===== Data shown

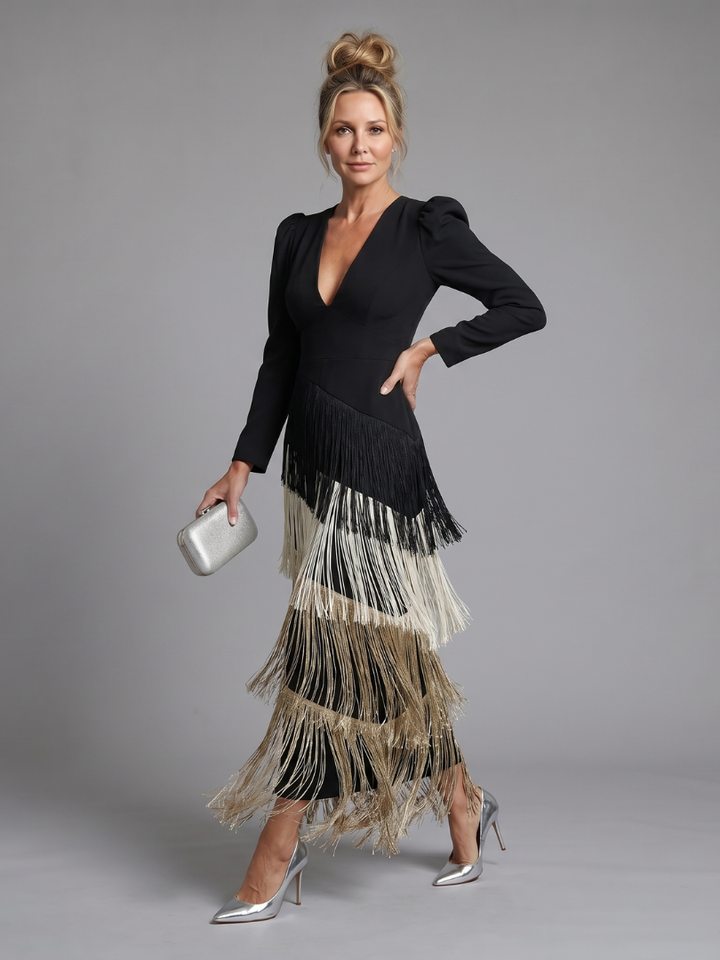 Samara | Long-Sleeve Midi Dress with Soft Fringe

==========
===== Data shown

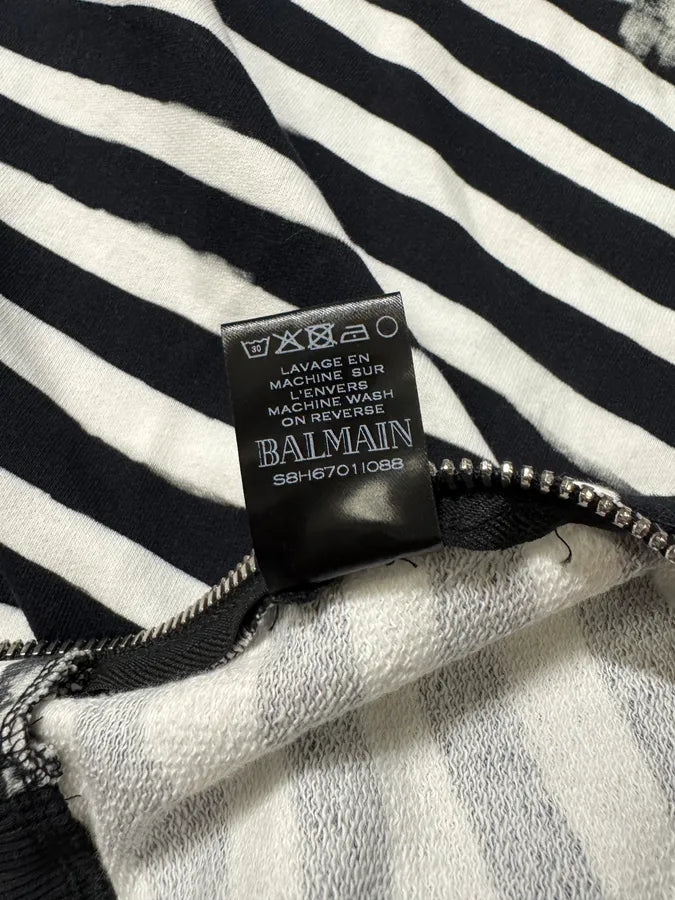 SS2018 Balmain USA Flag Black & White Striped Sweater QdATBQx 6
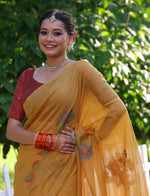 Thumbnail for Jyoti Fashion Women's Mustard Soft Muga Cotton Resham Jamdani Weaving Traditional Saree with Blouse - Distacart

==========
===== Data shown

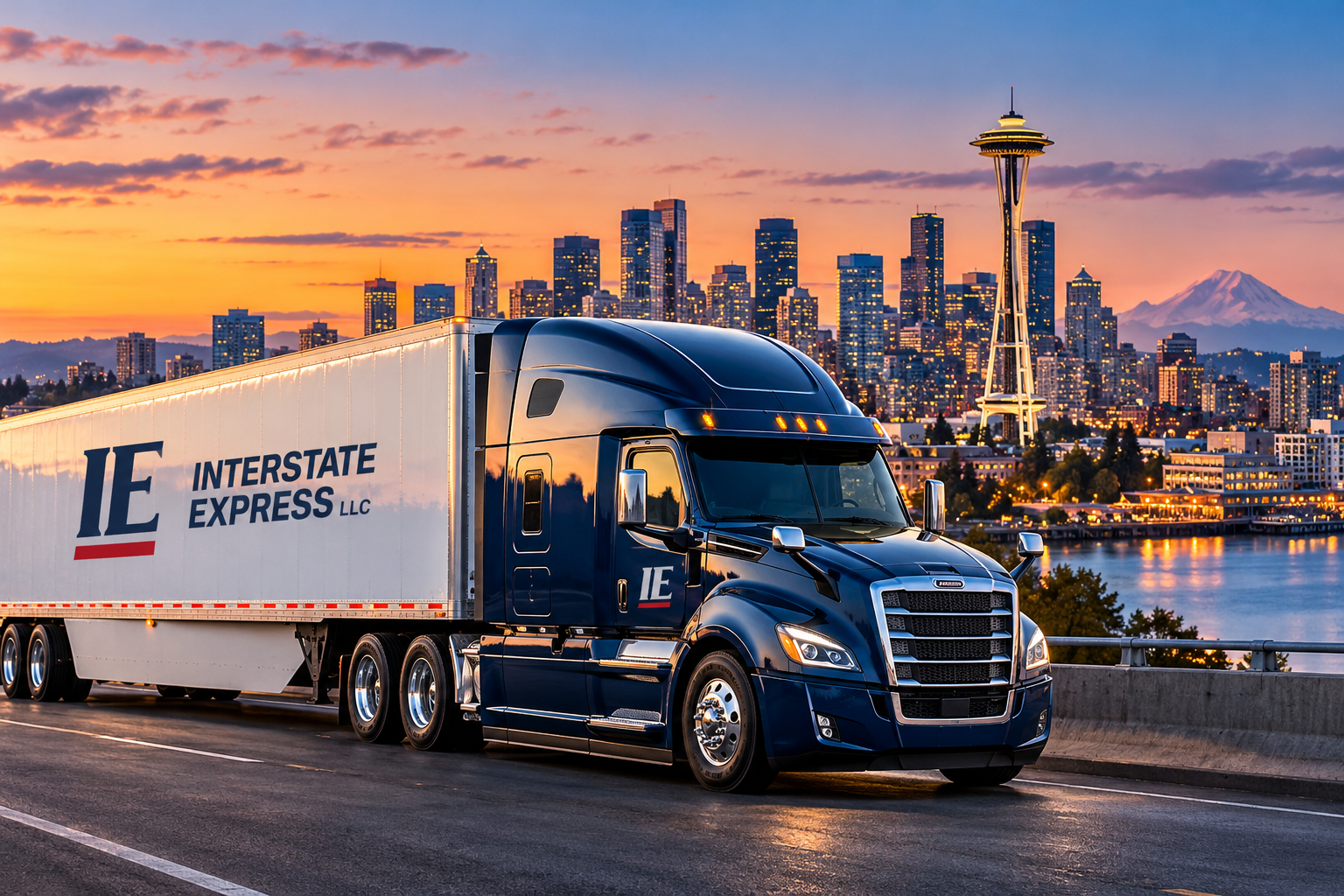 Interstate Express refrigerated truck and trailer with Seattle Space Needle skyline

==========

What is needed is an exact copy of only the lines above from the one with "SS2018 Balmain USA" to the one with "Thumbnail for Jyoti", both kept, with every picture left out.

**Solution to the problem:**
 SS2018 Balmain USA Flag Black & White Striped Sweater QdATBQx 6
 Thumbnail for Jyoti Fashion Women's Mustard Soft Muga Cotton Resham Jamdani Weaving Traditional Saree with Blouse - Distacart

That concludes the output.